3. Scenarios for Initial Demonstration
Our first demo will illustrate the capabilities of our NMVC middleware
in supporting
TAO's Audio/Video
Streaming under various failure scenarios within a single AN
composed of an ATM network core.
This demonstration will showcase how the features of
Trading,
and Naming
services, the Distributed Object
Visualization Environment (DOVE) framework, and the Distributed
Object-Oriented Reliable Service (DOORS) can be applied to the
network management scenario described below.
The demonstration system will allow: 1) end-users to
select MPEG movies from various multimedia servers; 2) network
administrators to visualize the system in order to troubleshoot
performance bottlenecks and network/application faults; and 3) system
developers to emulate simple failure modes. Fault
tolerance of key system components also will be supported.
Below, we describe two scenarios that guide our initial demonstration.
One scenario focuses on network monitoring, visualization, and control
from an end-user application perspective, whereas the other scenario
focuses on a more traditional OSS perspective.
3.1. End-user Application Scenario: Control and Management of A/V Streams
- Problem
User U would like to run an audio/Visual (A/V) application in
which U's host will receive video and audio from a remote video server.
Because the user is a general video consumer and not a networking
expert, he would like to setup this service without dealing with
the technical details.
The user has a menu of service levels which he can select on a trial
basis, from experience he has selected a QoS service level of
Medium-Quality .
How will the system deliver this service to U?
- Solution
The following transparent activities must occur in order to deliver
the video/audio to user U:
- Translate the user-level QoS description to a network-level
QoS specification.
Two channels that can deliver at least 1.5 Mbps are
needed. Delay and jitter guarantees are not requested
because the semantics of the user-level QoS description
is that large buffers at the receiver will be used to
make the stream elastic, and late frames may be dropped
occasionally without harm.
- Determine if the QoS specification can be supported.
The application program and server reserve sufficient
buffers, and network admission control
determines whether there are sufficient resources
(bandwidth along the QoS path) to support this new
connection, and the application.
- Establish the QoS route from the server to the endsystem.

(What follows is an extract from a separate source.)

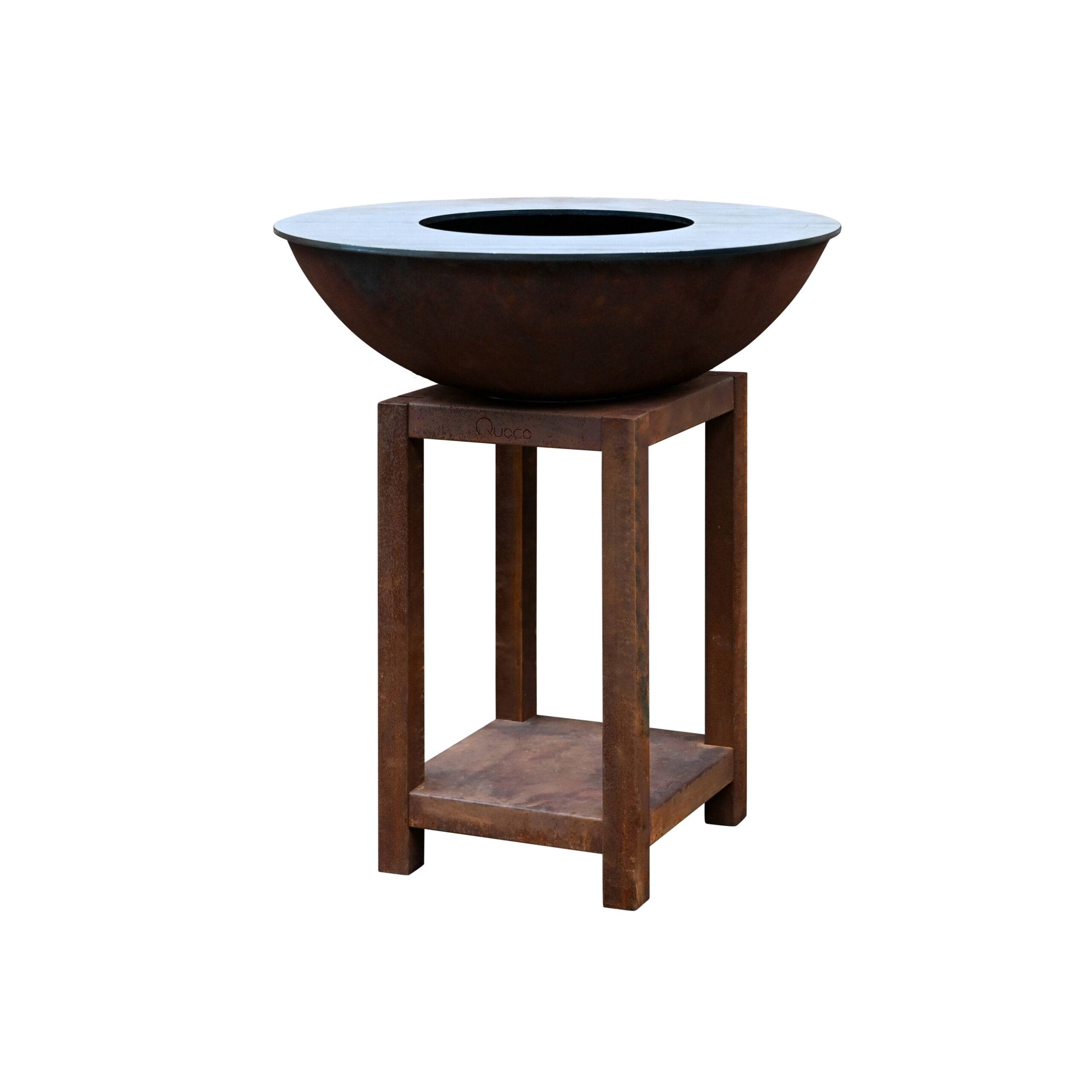 Brasero Piatto Montabile Medium Corten diam84 + Grille + Spatule + Housse - Image 1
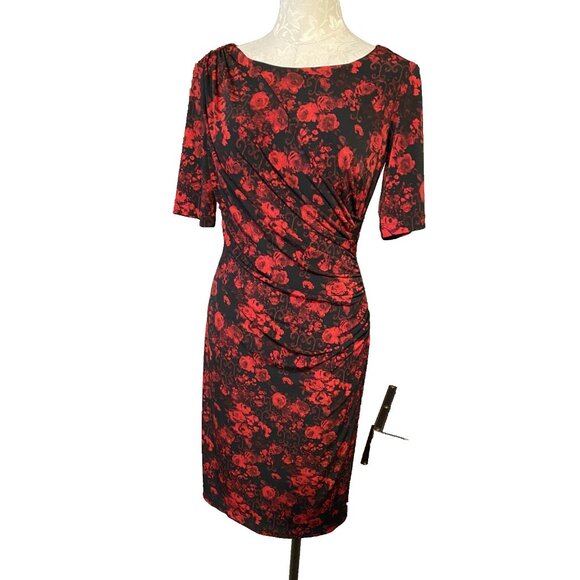 Connected Dress 6 Red Black Short Sleeve Stretch Sheath Washable Career Church - Picture 4 of 6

Network signaling reserves sufficient resources
for the QoS guarantees. These reservation activities
include updating routing tables (ATM VC Tables), QoS
tables at the NOC (Network Operations Center), and updating
or installing traffic enforcers along the QoS route.
- Discussion
The end result of User U selecting the A/V service is the establishment
of contract between the user and the service provider.
The service provider will insure that the service (at the selected QoS
level) is provided to the user at the agreed upon price.
The user has an expectation of the service quality.
Problems arise when the components involved in delivering the service
do not deliver their part of the guarantee or do not cooperate properly.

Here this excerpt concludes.